EUはバッテリー規制単体というより、工業製品として出荷量が増大し続けるバッテリーの再利用を促進するため規制の大枠を発表し、その中にバッテリーの話が含まれているというのが今回の事のあらましだ。
バッテリーをユーザーの手で容易に交換できるようにすることで、機器の使用サイクルを長くすることが狙いのようで、交換した使用済みバッテリーはリサイクルしてCO2の排出削減や持続可能なデジタル社会を実現したいと考えていると思われる。
施行が2027年からというのは開発に時間がかかるメーカーへの配慮だろう。現在、ほとんどのスマホやタブレット、ノートPCはバッテリーが本体に組み込まれており、ユーザーの手で取り外せないようになっている。よってメーカーは今後、EUの規制に対応せざるを得ないというのが現状だ。
そもそもスマホやノートPCは、なぜバッテリーが取り外せないものが主流になったのか。実は2000年代の半ばまで、携帯電話もノートPCもバッテリーは交換式が主流だった。
バッテリーの組み込み型がトレンドになったのは、製品の薄型化と関係がある。
厳密に調べた訳ではないが、衆目の一致するところ、その始まりはどちらもAppleの製品だ。現在の誰もが使っている形態のスマホ市場を作り出したiPhone、薄型ノートPCという市場を作り出したMacBook Air、いずれの製品もバッテリーはユーザーが取り外して交換できないようになっていた。
なぜAppleがそうしたのか。当時の担当者に話を聞く機会はなかったので、あくまで筆者の推測になるが、おそらく最大の理由はデザインだ。
iPhoneは当時の携帯電話に比べて、MacBook Airは当時のWindowsベースのノートPCに比べて、本体の薄さが際立つ設計だった。
もし交換式のバッテリーを搭載するとなった場合、厚みのある頑丈なケースでバッテリーのセルを包む必要がある。特にリチウムイオン電池はセルに衝撃を与えると発火して燃えてしまう危険性があるため、より頑丈なケースが必要になる。そして、そのケースを包むボディーと……厚みは増す。

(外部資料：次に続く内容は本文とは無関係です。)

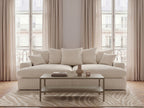 Canapé 3 places causeuse avec assise profonde NEVADA tissu lisse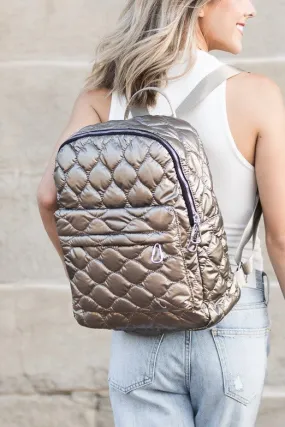 Jade Metallic Puffer Backpack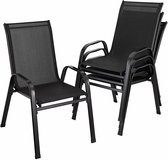 Tuinstoelen Set van 4 – Stapelbare Stoelen met Hoge Rugleuning – Stalen Frame en Teslin Zitting – Zwart – Voor Tuin, Balkon en Camping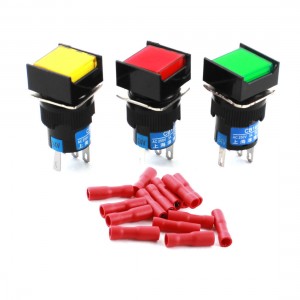 3Pcs DC 24V Lamp SPDT Self Locking Square Pushbutton Switch 16mm w Connectors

しかし、バッテリーセルを本体に内蔵し、製品のボディーでバッテリーも保護する設計にしたらどうか。すると交換式バッテリーの外装で生まれる厚みを節約できる。これが本体の薄型化を実現できるロジックだ。
Appleはこう考えて、バッテリーを交換式から組み込み型にしたのだろう。当時は「(実は筆者もその一人だが)そこまでして薄くしなくてもいいのでは」という声もなかった訳ではないが、薄さを追求したAppleの決断は市場に評価され、他のメーカーも追従した。これが2010年代を通じて市場で起こったことだ。